SEAN: This season is long gone, so Chuck Fletcher will need to make some big decisions between now and the Feb. 25 trade deadline. By the end of February he’ll have been Flyers GM for nearly three months, more than enough time to get a feel for the organization and have an idea the best way forward to turn around their fortunes.

Flyers brass wanted someone with a “bias for action” to replace the patient Ron Hextall. You can be sure the team will be aggressive in trying to become a playoff team in 2020, but at what cost?

Wayne Simmonds will be an unrestricted free agent this summer, so he’ll have some suitors. He’s 30 and his offensive output has diminished this season. He’s an easy one to cut bait on and bring back a return full of futures. After that, do you rip up the core that’s been together for years like Claude Giroux, Sean Couturier and Jake Voracek? At their ages, they still have good years left, you’d hope. And with the development of Travis Konecny and Nolan Patrick up front and Ivan Provorov and Shayne Gostisbehere on the backend, plus the future in Morgan Frost, Philippe Myers, Joel Farabee, there’s no reason to blow it up. Factor in Carter Hart getting an extended run due to the numerous injuries that have hit the position and you can still see some bright spots ahead.

A number of Flyers are having down years, which will happen given their current state of mess. But players like Giroux, Voracek and Gostisbehere still have lots of term left on their contract, making them difficult to deal away.
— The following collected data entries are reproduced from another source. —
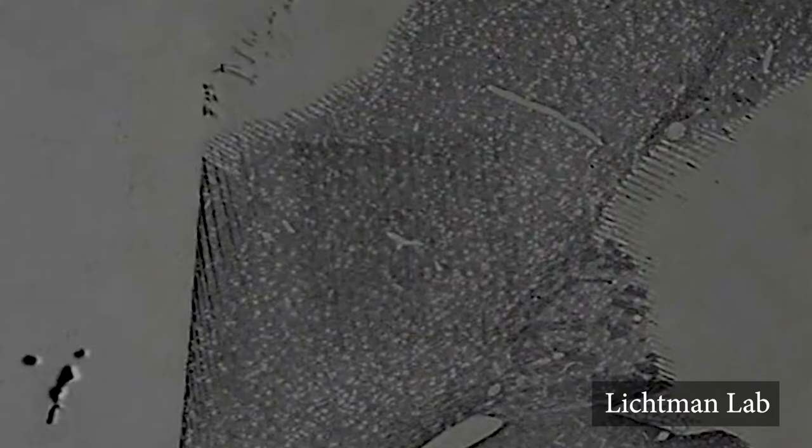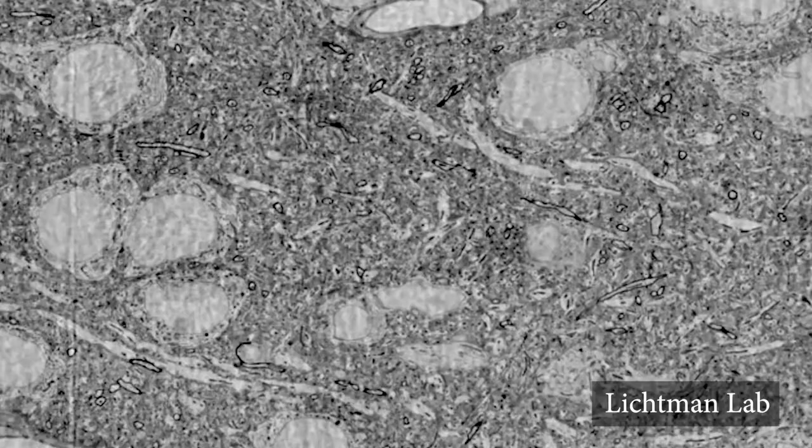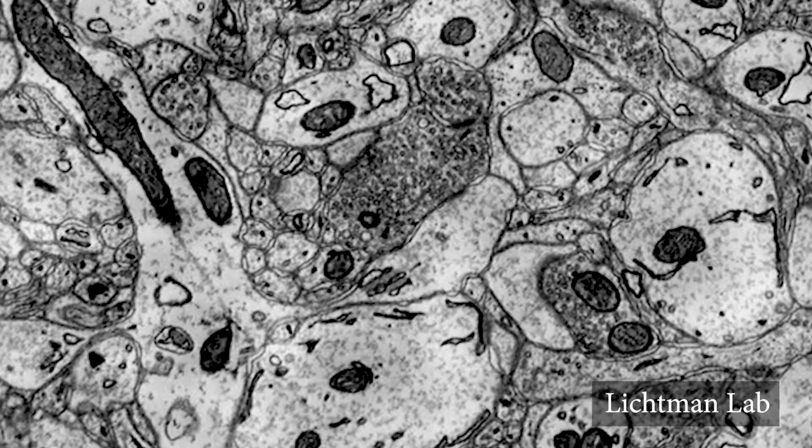Jeff is using electron microscopy to acquire this data at nanometer resolution, and that just leads to very large data sets if you want to image large volumes of brain tissue.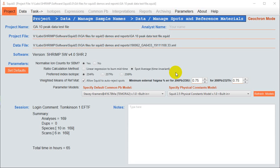This third video in the series is going to take you through the steps of assigning a task to a set of geochronology data, assigning common lead correction values, then visualizing that data in the SQUID 3 environment.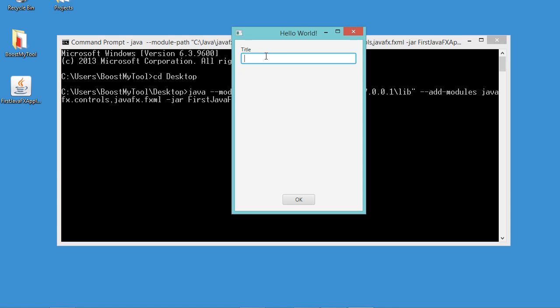So let's write some text in the title field and let's click on OK. We can see that the title has been modified, and also we have this message on the console.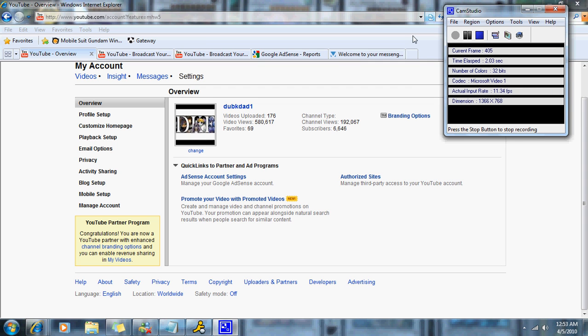What's up YouTube, Dub K Dad, bringing you the trailer to my new series, Main Phase.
The Flyers have never been shy about spending money to improve, so it’s realistic that with a smart off-season (No 13-year contracts, Chuck!) that may include hiring a replacement for interim head coach Scott Gordon they can be back in the playoff mix in 2019-20.
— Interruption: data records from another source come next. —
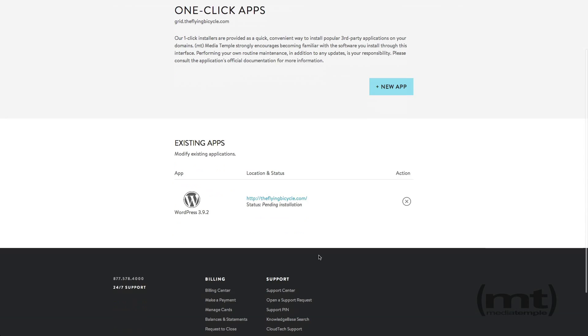Here we'll see that the installation is pending. Once it's done, we'll see it says Finished Installation.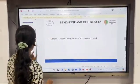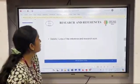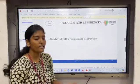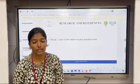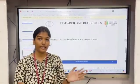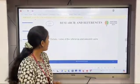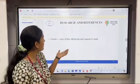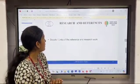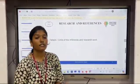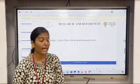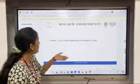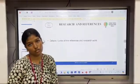Next is the research and references slide. This is the page where you have to mention the research details and all the references you have taken from various sites or links.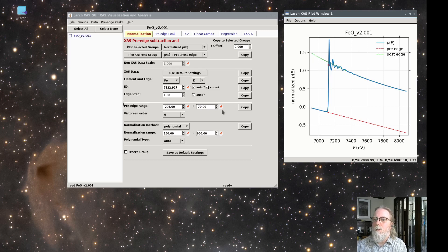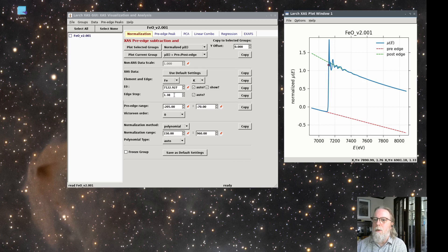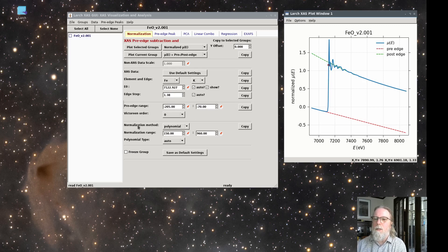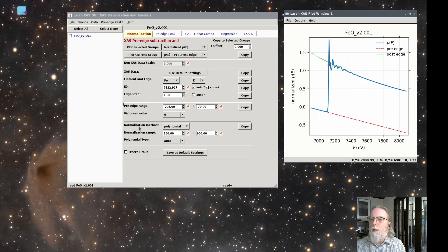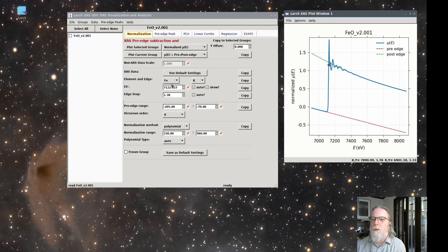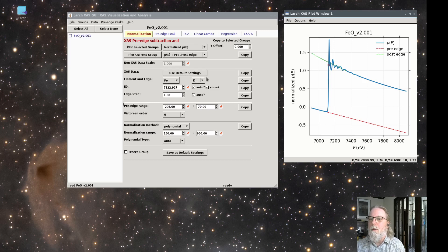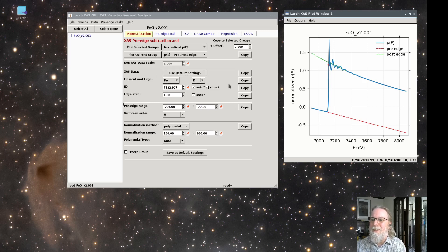Over on this form page, it'll show you that the edge step value it wants to use is 1.38. And it's showing you values for how it got the pre edge and the normalization curves. It also shows you the element that it determined it was iron K edge, which I'll get to in a bit as being important. So it's good to check that it's identified your data set correctly.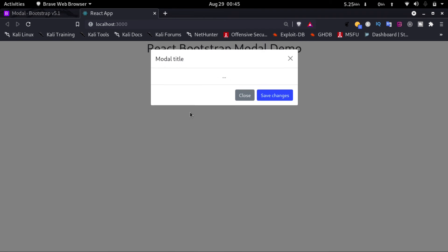The model will appear. So this was all on how to add Bootstrap model in a React app. Hope you liked the video. Please do like and subscribe. Thank you.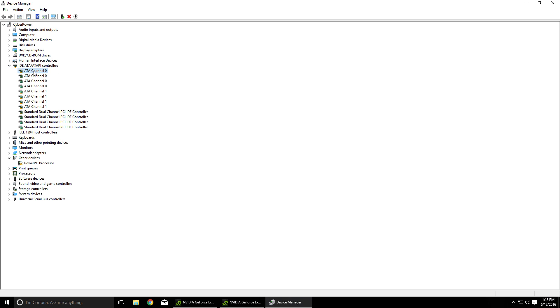And basically you're just going to go one by one and uninstall every single one of these drivers. I don't know why I have multiple of a few. I guess that's just because there's different channels.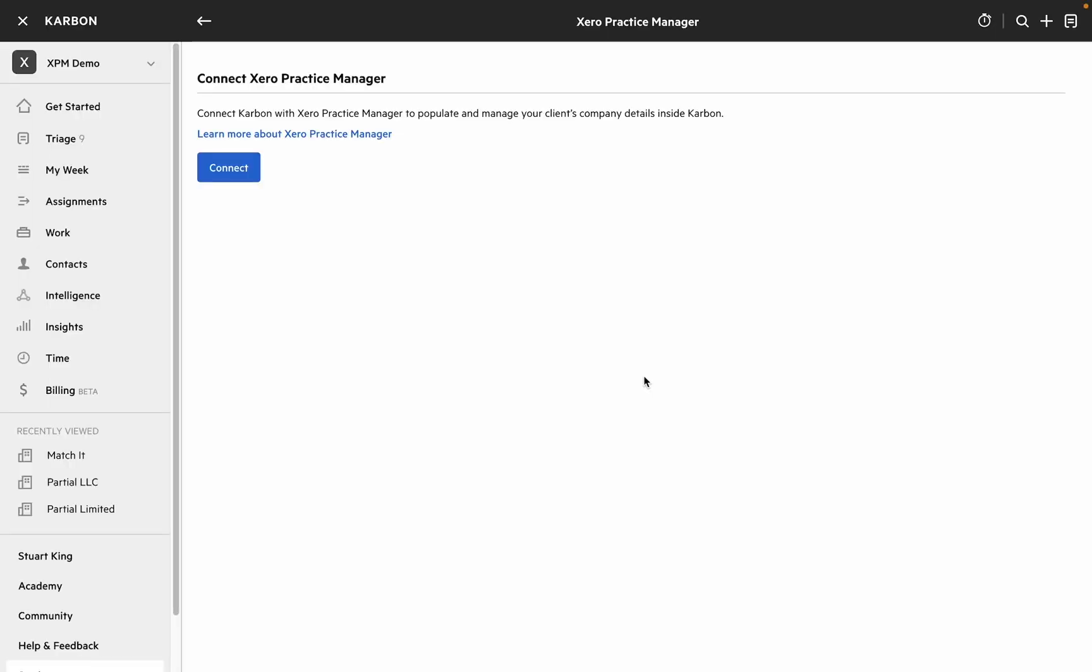And remember you can head on over to the Carbon community to let us know what you think about this integration and suggest any additional integrations you'd like to see including those related to Xero or any other apps.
JAMES: During almost a decade with the Wild, Fletcher took some massive swings for the fence. He was able to make contact here and there, but that franchise will need to deal with his whiffs for ages.

With that in mind, there might be some hesitation in Philly, but let’s be honest: Hextall’s firing came, in large part, because management was already getting patient with the slow-burn approach. The “microwave” solution will have to do, which means smaller (but still unpleasant) moves like trading away Simmonds, rather than really hitting the reset button in parting ways with Giroux or Voracek.
Besides, it would take multiple drafts to compile many of the assets Philly already has. Beyond Giroux and Voracek, the Flyers have to fantastic young defensemen in Provorov and Gostisbehere. Couturier is the sort of two-way beast teams crave for playoff battles. Konecny and Patrick are both the types of forwards who could theoretically make leaps forward under the right coach.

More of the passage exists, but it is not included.